### Data
◇ ◇ ◇

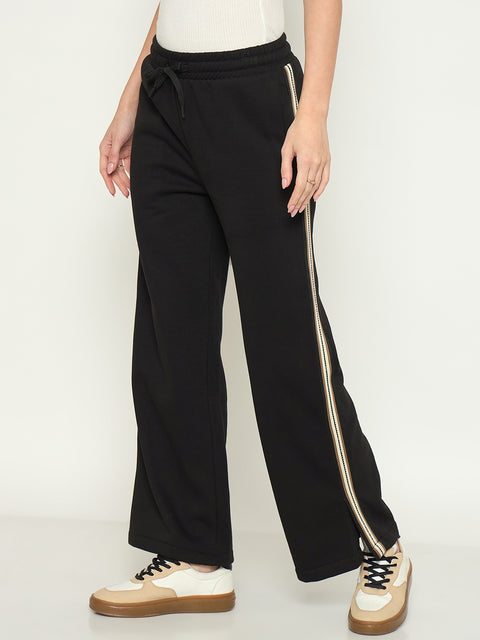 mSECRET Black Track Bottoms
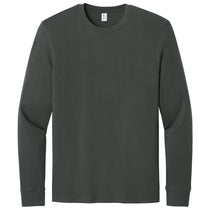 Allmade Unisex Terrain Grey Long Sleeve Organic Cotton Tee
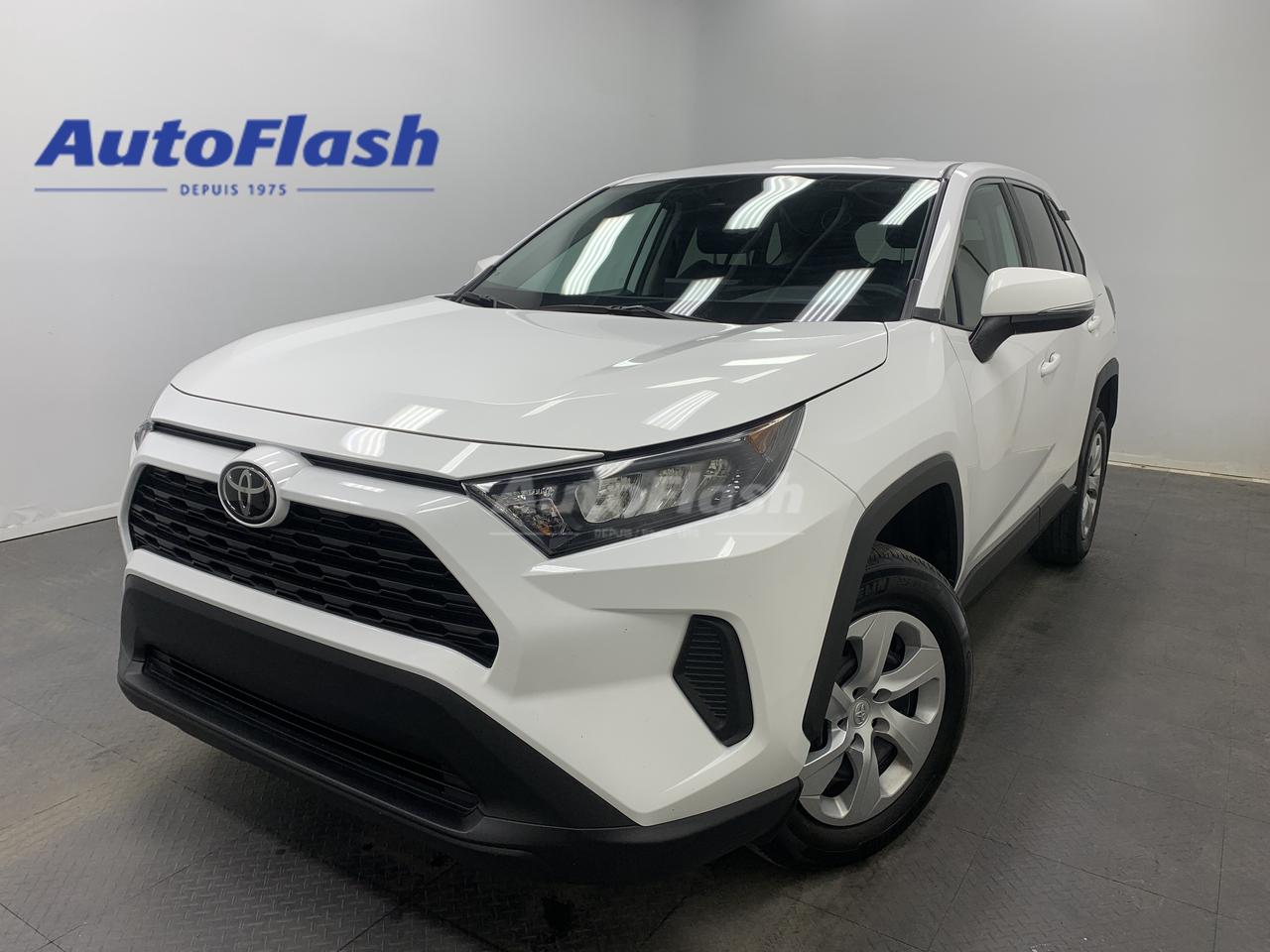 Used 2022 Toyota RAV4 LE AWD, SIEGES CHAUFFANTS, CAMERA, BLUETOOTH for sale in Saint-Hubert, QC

◇ ◇ ◇

### Activity
Return each line of the material exactly as written; exclude the pictures.

### Task answer
 mSECRET Black Track Bottoms
 Allmade Unisex Terrain Grey Long Sleeve Organic Cotton Tee
 Used 2022 Toyota RAV4 LE AWD, SIEGES CHAUFFANTS, CAMERA, BLUETOOTH for sale in Saint-Hubert, QC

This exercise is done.